Below, find the line containing "Сандали за момиче" and the line containing "Vintage Avon 1973"; reproduce exactly those two and every line between them, omitting pictures.

Given data below:

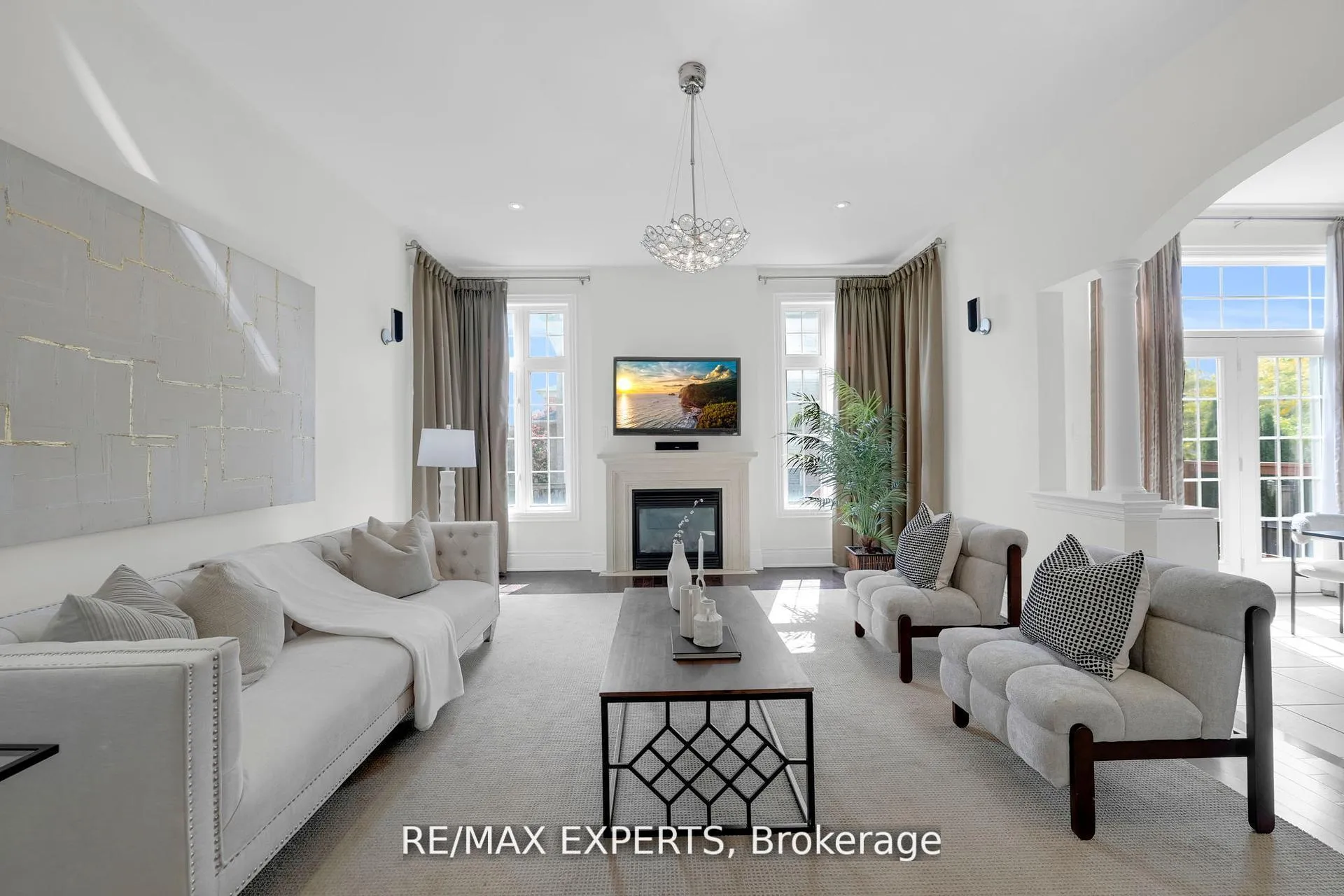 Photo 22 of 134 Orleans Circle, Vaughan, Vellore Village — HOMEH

End of Given data.
Given data below:

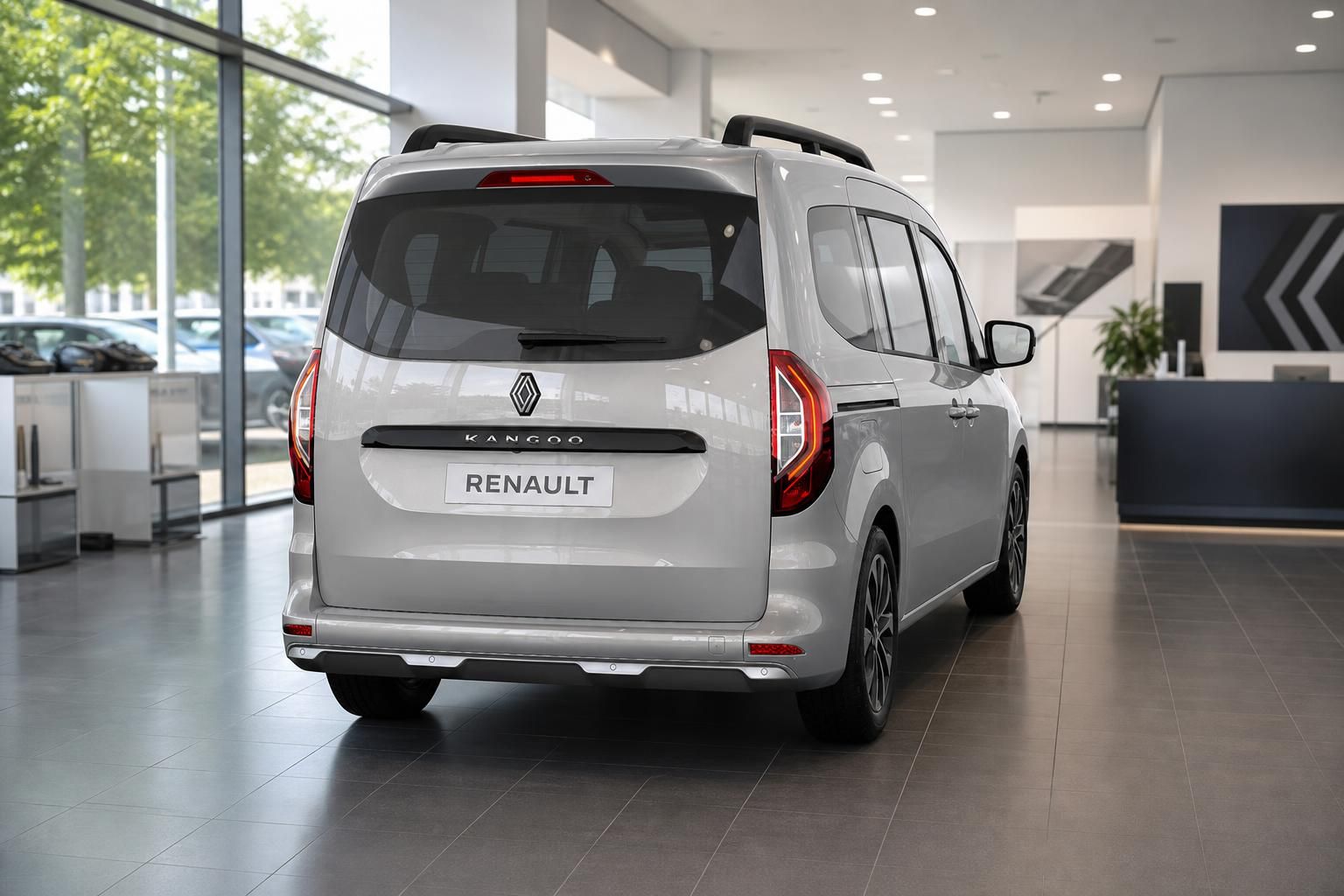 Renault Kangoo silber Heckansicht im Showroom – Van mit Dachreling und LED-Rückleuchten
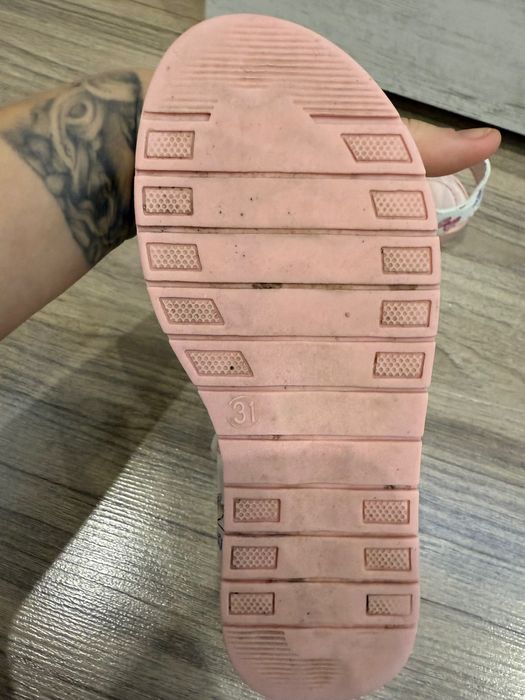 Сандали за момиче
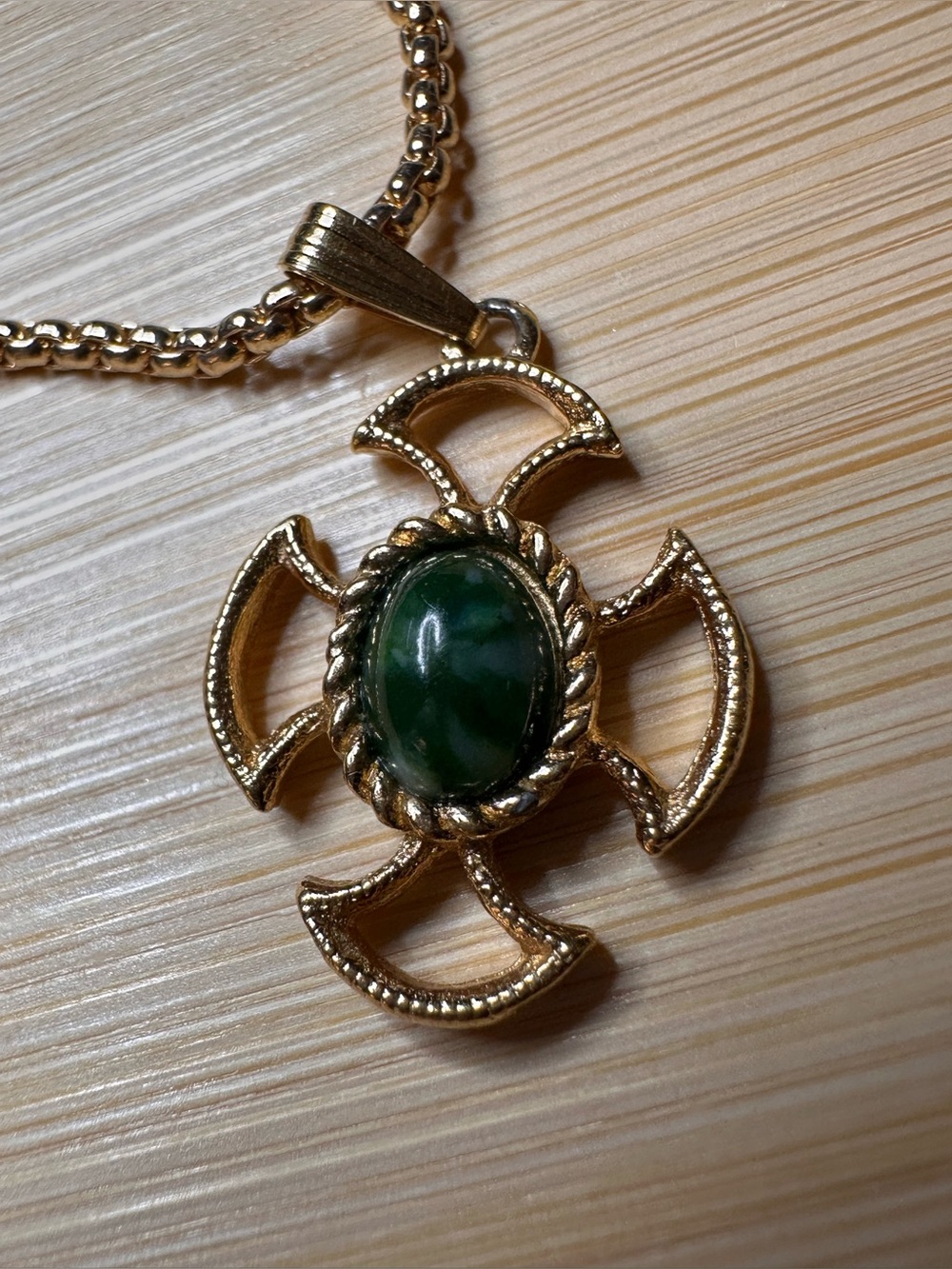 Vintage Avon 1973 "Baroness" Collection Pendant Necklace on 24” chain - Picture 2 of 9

End of Given data.

Result below:
 Сандали за момиче
 Vintage Avon 1973 "Baroness" Collection Pendant Necklace on 24” chain - Picture 2 of 9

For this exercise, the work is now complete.